Summer in the Smokies Series
After the Fire: Returning to the Smokies
Returning to the Smokies
“I think we need to go the Smokies this year,” my husband said, over dinner as we discussed our summer vacation plans.
“It probably smells like smoke,” I replied.
“They need money- to help rebuild their economy.” I am beginning to suspect my husband may be the smarter of us both.
I booked a hotel. Warily. I actually called them directly and asked about fire damage. They said there was no fire damage at all.
The news of the Smoky Mountain Fires still lingered in my mind, imprinted from the media stories I had seen.

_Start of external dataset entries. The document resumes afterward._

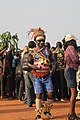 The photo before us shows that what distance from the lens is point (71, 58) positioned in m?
7.56

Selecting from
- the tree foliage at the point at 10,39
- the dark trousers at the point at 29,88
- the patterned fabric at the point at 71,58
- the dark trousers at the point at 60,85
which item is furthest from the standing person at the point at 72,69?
the tree foliage at the point at 10,39

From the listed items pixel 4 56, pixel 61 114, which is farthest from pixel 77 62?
pixel 4 56

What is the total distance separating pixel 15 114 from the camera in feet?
28.7

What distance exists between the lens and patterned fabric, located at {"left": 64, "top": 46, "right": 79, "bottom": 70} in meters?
7.54

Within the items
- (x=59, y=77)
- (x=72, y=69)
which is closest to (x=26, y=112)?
(x=72, y=69)

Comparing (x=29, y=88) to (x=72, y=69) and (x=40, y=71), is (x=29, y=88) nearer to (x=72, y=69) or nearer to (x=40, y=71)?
(x=40, y=71)

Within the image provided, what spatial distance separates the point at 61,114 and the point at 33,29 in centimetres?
208

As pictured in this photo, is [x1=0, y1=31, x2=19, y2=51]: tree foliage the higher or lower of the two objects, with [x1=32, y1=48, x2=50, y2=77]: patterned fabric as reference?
higher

Would we be greeted with charred remains of buildings, reminiscent of a war-torn nation? I remember traveling through Homestead in 1992 after the category 5 Hurricane Andrew devastated the Southern Florida landscape. Would the Smokies look the same? That had been in November, and now we were facing July. The news media coverage had long since turned their cameras onto other stories, leaving the Smoky Mountains in the shadows, forgotten. We headed north into the mountains with a mixture of trepidation and curiosity, unsure of what we would discover.
Sevier County Fires
The 2016 November wildfires that swept through the Great Smoky National Park burned over 17,000 acres of park lands, destroyed or damaged over 2,400 structures- mainly residential dwellings and resulted in 14 deaths either directly or indirectly. There were two active fires at the time, the Chimney Tops 2 fire and the lesser Cobbly Nob fire.
If you drove on the Parkway from Pigeon Forge to Gatlinburg now, you would have to hunt to notice fire damage. Downtown Gatlinburg and the entire city of Pigeon Forge remained unscathed, but although the fires are out, the after-effects have hit the local residents and businesses hard: lack of tourism.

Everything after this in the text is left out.